Hatchet fish are known jumpers, do you have a lid for this tank? If not get one.
I've not kept gbr and bettas together but they're both aggressive fish that claim territories, it might get ugly (or you may get passive ones that get along fine-have a back up to remove one if it goes bad).
Shrimp are likely to end up on the menu (or scared into jumping out) unless its a very densely planted ad well aged tank (plenty of microfauna fr them to forage on).
Your black skirt tetra really should be in a school of 6 or more. Would not keep betta(s) and black skits-those tetra are known to be nippy.


----------



## RussellTheShihTzu (Mar 19, 2013)

This is just my experience:

Mixed Rasbora do not always shoal. I have Espei, Chili, Phoenix and Sundadanio in the eight and the only time they're together is when I feed. Every time I look at them I'm in awe of how something that tiny can survive and thrive.

You list eight shoaling species (3 Rasbora, 3 Tetra, Hatchets, Kuhli) which can get by in a Nano-only tank with the minimum of six. That's at least 48 fish. 

BUT....the itty bitty ones (1" and under) actually need 10+ if you're going to have fish so much bigger than they are like the Rams which are three times their size and semi-aggressives like the Black Skirts which get up to 2.5". (I think MikeG has Black Skirts so he can correct me if I'm wrong but I'm pretty sure they're known for chasing and nippy?)

Because of the Rams, Betta and Black Skirts you'll need a lot of plants; a virtual jungle so the Nano will feel safe and act normally. A tank where the bigger fish don't have an open view from one end to the other of the tank. The Micro fish won't hide 24/7 with larger fish in the aquarium but they do need places to make a quick getaway.

You might try plugging in to www.aqadvisor.com. They tend to be a bit conservative in their stocking but they do compare parameters so you'll know if they're compatibe that way.

BTW, definitely no shrimp.

Nearly forgot: Look at the www.tropicalfishkeeping.com database or Google the fish llike this: Rummy nose tetra seriously fish. That will get you their discriptions on Seriously Fish. One thing you'll learn on SF is how to convert liters to gallons and mm and cm to inches.


----------



## ThisDragonisNerdy (Mar 28, 2015)

Aqua Aurora said:


> aqadvisor.com
> Plug your filter, tank and fish stock in there ... At first glace I think you'll be overstocked/crowded with that list.
> Absolute NO for rummynose: bare minimum 48" length tank needed-they need a lot of swim room-very fast swimmers. 72" length is more ideal for them though.
> Hatchet fish are known jumpers, do you have a lid for this tank? If not get one.
> ...


OK, I'd only started considering the betta a few days ago; so I hadn't thought it through much.

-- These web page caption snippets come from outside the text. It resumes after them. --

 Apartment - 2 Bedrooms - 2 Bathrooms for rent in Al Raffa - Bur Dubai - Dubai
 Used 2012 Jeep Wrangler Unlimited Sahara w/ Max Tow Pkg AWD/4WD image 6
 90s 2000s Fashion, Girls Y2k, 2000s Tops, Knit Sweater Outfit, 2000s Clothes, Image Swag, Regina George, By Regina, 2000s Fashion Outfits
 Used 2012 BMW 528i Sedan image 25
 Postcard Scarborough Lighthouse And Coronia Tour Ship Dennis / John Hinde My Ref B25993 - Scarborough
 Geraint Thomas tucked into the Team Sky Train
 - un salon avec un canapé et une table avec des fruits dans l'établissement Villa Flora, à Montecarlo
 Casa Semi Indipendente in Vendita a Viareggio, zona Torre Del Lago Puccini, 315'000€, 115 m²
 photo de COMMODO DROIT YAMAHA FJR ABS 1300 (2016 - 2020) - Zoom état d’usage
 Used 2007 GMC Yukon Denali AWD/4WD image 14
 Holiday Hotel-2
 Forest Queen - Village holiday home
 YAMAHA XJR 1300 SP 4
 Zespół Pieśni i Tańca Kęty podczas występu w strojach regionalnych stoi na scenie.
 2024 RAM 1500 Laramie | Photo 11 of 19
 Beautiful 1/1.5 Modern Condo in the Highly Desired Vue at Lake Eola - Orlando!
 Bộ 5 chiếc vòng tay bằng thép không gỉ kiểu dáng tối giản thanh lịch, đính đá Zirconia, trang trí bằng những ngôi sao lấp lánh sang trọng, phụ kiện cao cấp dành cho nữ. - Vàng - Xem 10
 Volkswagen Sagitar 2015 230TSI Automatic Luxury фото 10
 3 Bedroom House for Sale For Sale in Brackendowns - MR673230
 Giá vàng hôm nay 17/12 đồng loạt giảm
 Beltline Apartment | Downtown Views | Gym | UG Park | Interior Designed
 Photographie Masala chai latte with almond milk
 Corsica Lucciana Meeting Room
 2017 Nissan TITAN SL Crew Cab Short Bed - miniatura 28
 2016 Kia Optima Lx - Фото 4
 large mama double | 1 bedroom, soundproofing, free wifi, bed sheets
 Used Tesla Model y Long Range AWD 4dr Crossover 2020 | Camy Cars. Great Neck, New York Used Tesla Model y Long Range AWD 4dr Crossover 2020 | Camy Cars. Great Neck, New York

Seems like it isn't compatible- thats disappointing, but oh well.
I want to check on seriously fish about the rummys (like Russell suggested) becuase I really want them. Honestly, they're what made me upgrade from a 10 to 29 gallon- so I could have them. 
I don't have a lid at the moment, but I would have one by the time I got the hatchets. 
Both of you guys said no shrimps... I thought they would be fine in a community? Bit confused on that one.
I'll definatly be sure to get more black skirts. 


RussellTheShihTzu said:


> This is just my experience:
> 
> Mixed Rasbora do not always shoal. I have Espei, Chili, Phoenix and Sundadanio in the eight and the only time they're together is when I feed. Every time I look at them I'm in awe of how something that tiny can survive and thrive.
> 
> ...


Oh, thats disapointing. I'll just get galaxys then. 
I'm planning on it being pretty thickly planted, with driftwood and places to hide. But I think I will get more of the tiny shoalers.
Thank you both so much for all of the info!

*edit
Just went to seriously fish and it says the rummy noses can be kept in a minimum 20 gallon tank. Past research of mine agrees with this. I'm sticking with them.


----------



## RussellTheShihTzu (Mar 19, 2013)

I have found it's an either/or situation. Either all Nano/Micro Fish under 1.5" or bigger fish. You can't mix the two and have a peaceful, successful aquarium.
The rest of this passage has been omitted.